The browser makers' response is that users have expressed a desire for more online privacy.
But Hilwa sees more at play than a Manichaean view of business versus anti-business, as Rothenberg contended.
Saying Mozilla was "caught in the middle," Hilwa argued that the company was reacting to pressure — perhaps, as Valdes said, to a vocal minority — because its users blame the browser, not necessarily advertisers, for privacy failures. "There is no doubt users will hold browsers accountable for any breaches of privacy or excesses of the advertising industry in siphoning data," said Hilwa. "[Browser makers] feel under pressure to control the type of data that can seep through their browsers."
The recent disclosures of widespread government surveillance has added fuel to that fire, Hilwa noted.

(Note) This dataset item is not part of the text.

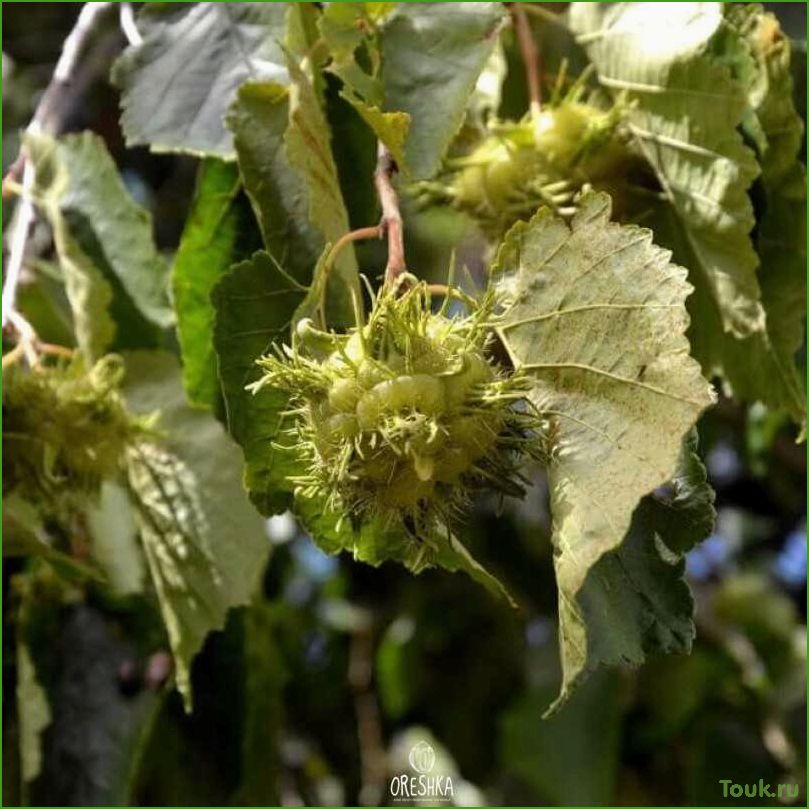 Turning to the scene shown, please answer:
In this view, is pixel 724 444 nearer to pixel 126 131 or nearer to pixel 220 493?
pixel 220 493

For its part, Mozilla declined to directly rebut Rothenberg's denunciations, and instead issued a statement that walked a line similar to what it has said before when it's butted against advertisers.
"Mozilla feels advertising is an important component to a healthy Internet ecosystem, and over the coming months we'll be working to address valid commercial concerns in our third-party cookie patch before advancing it to the general Firefox release," said a company spokesman, again intimating that the cookie-blocking plan was far in the future. "We'll continue gathering input while keeping the dialogue open with the hope that advertising industry groups will respect the choices users make to form the Web experience they want."
Mozilla, ironically, indirectly relies on advertising revenue for the vast bulk of its revenue. In 2011, the last year for which it reported financials, Mozilla earned $162 million, or 99% of all revenue, from deals with search engines, which pay the firm to make their services available to Firefox users.
Those deals are predicated on Firefox users clicking on ads within the ensuing search results.
Mozilla has been aggressively moving on to other projects, however, including Firefox OS, as a hedge against the decline of desktop browsing and a concurrent reduction in search-based revenue. But the desktop versions of Firefox, which until late 2009 were consistently gaining browser user share, have budged little over the last 12 months.
According to Web analytics firm Net Applications, Firefox on the desktop accounted for 19% of the browsers used worldwide during June. In mobile browsing, where Mozilla has devoted significant resources, not only to Firefox OS but also to an Android browser, Firefox held an almost-invisible 0.03% user share.
The IAB's members include Apple, Google, Microsoft and Opera — four of the five top browser makers — as well as the BBC, CBS and IDG, the parent company of Computerworld.